*** Source data Section Begins ***

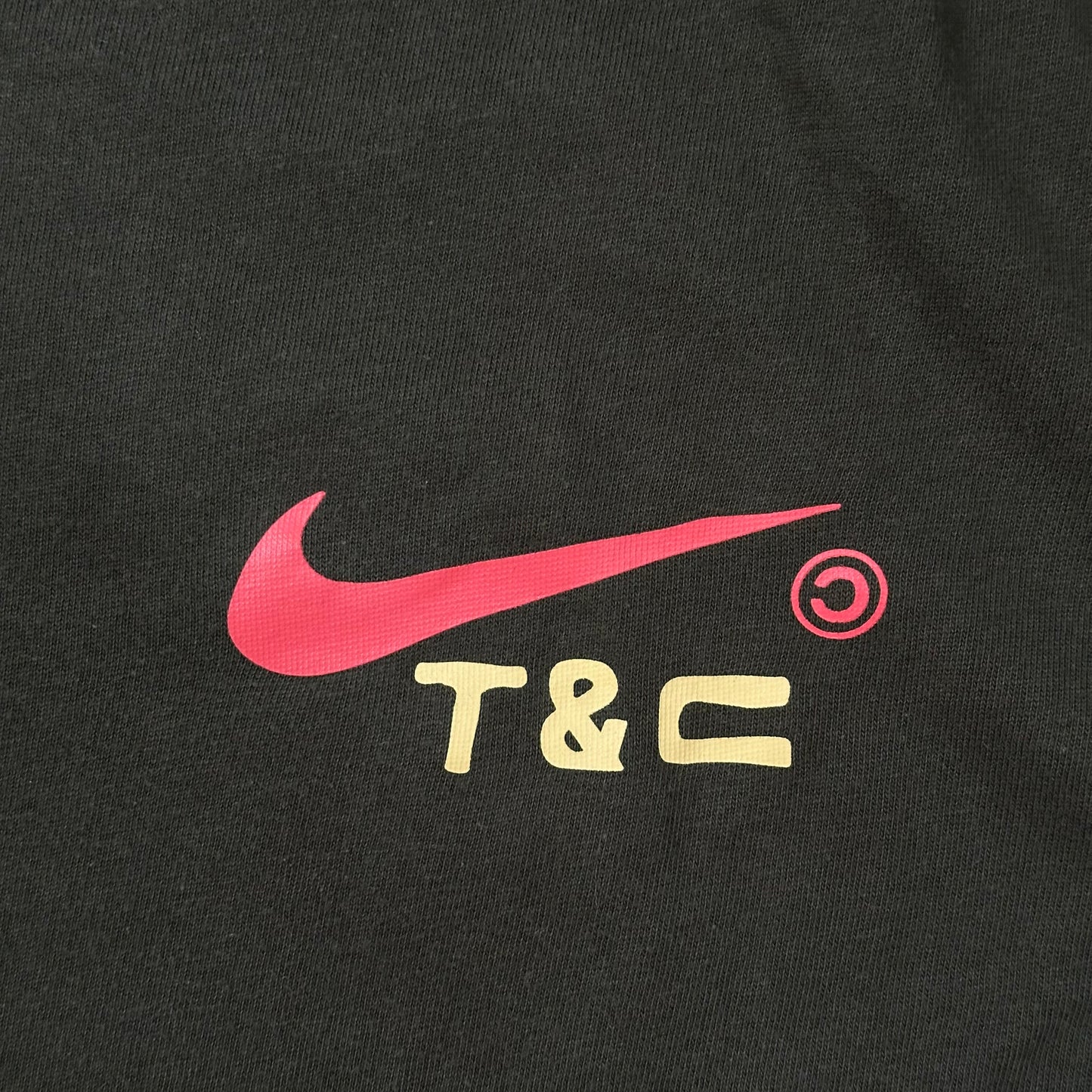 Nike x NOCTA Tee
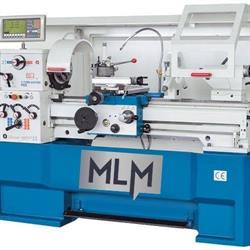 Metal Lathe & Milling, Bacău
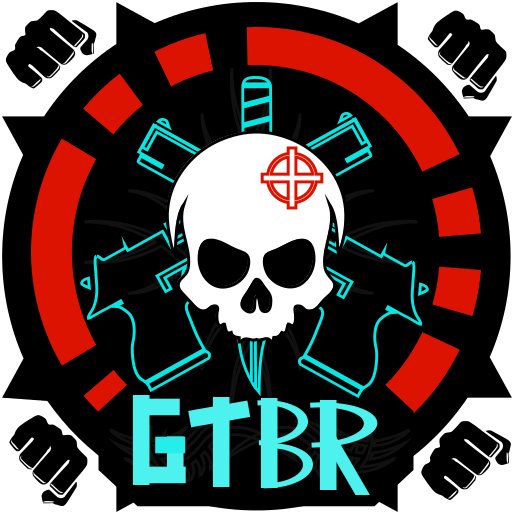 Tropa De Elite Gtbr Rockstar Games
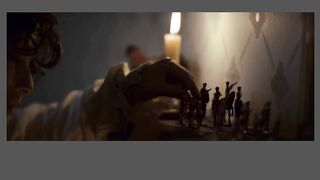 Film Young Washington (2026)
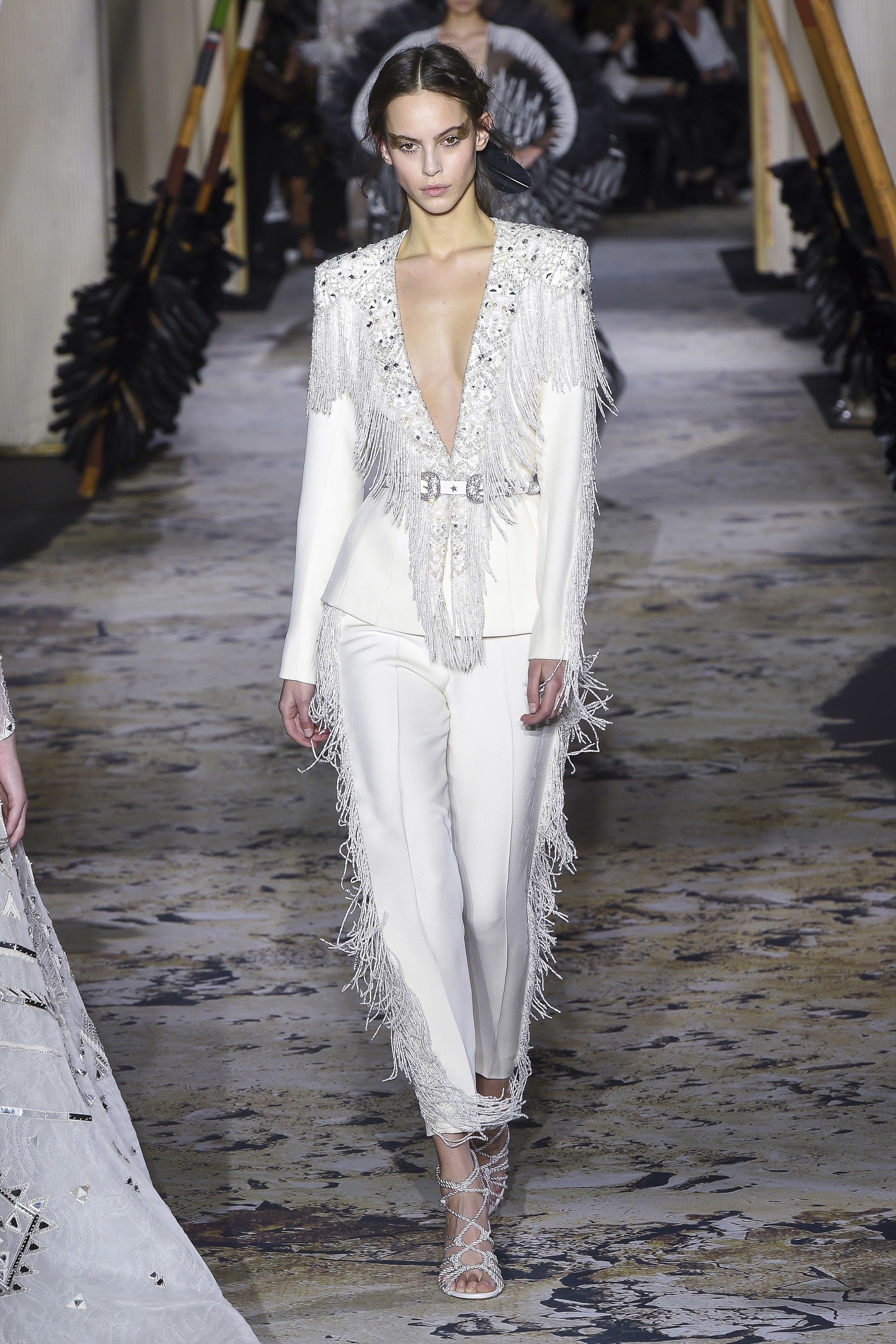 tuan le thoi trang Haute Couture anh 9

*** Source data Section Ends ***
*** Source data Section Begins ***

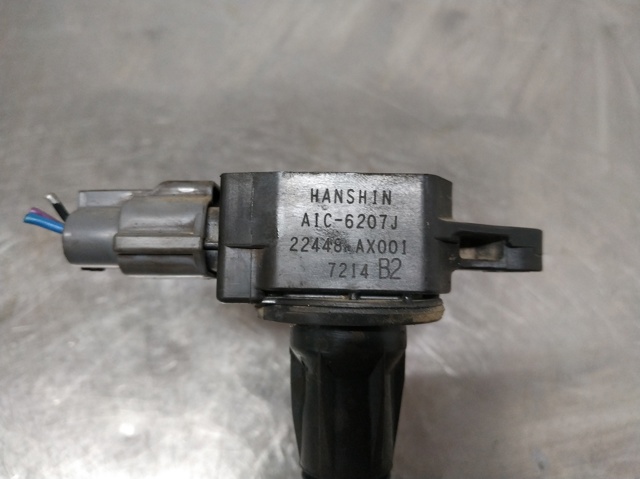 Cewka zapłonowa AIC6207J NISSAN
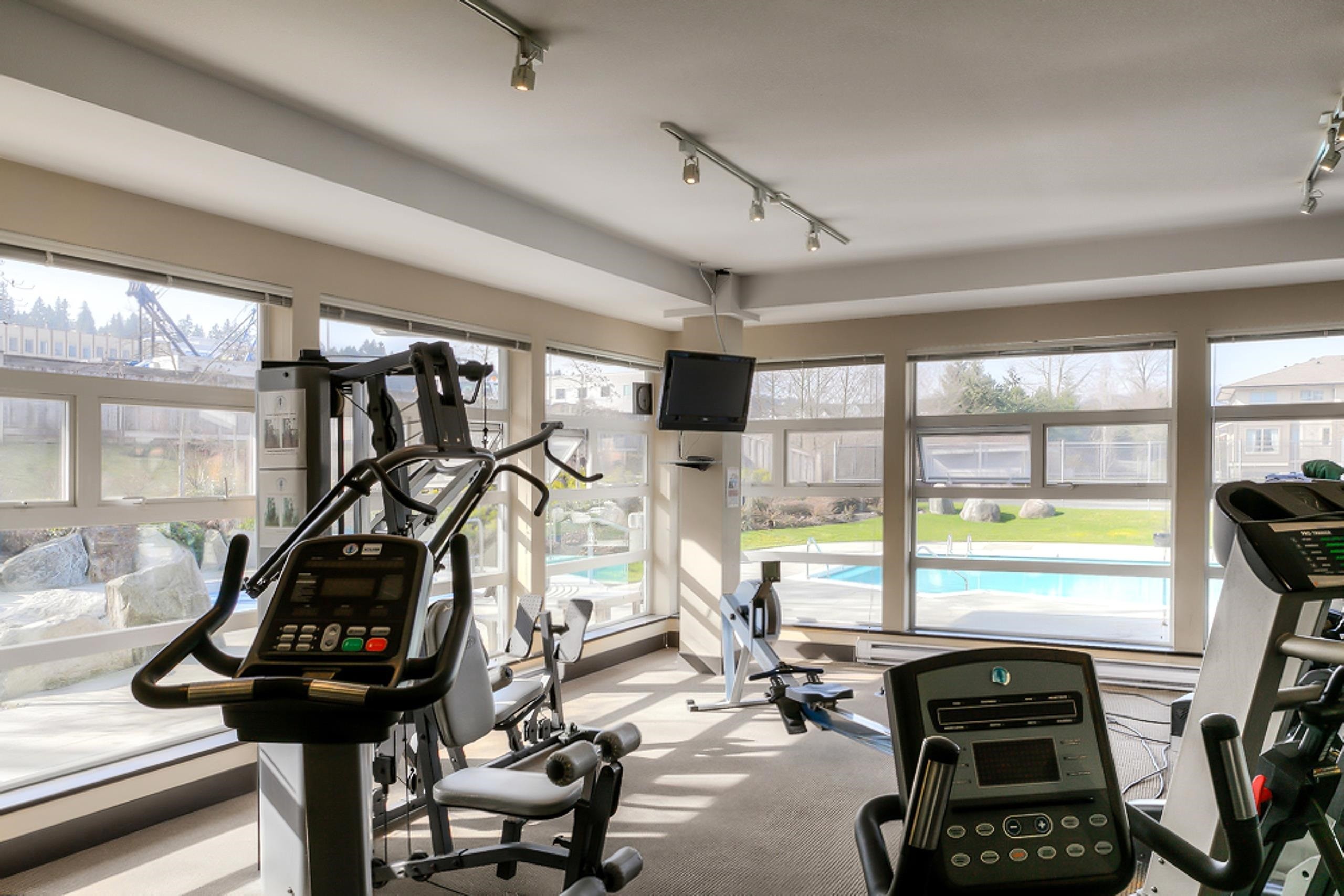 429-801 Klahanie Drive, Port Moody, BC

*** Source data Section Ends ***

Task statement
Repeat exactly the lines above, beginning at the one containing "Metal Lathe & Milling, Bacău" and ending at the one containing "tuan le thoi trang Haute Couture anh 9". Do not carry over any pictures.

Solution
 Metal Lathe & Milling, Bacău
 Tropa De Elite Gtbr Rockstar Games
 Film Young Washington (2026)
 tuan le thoi trang Haute Couture anh 9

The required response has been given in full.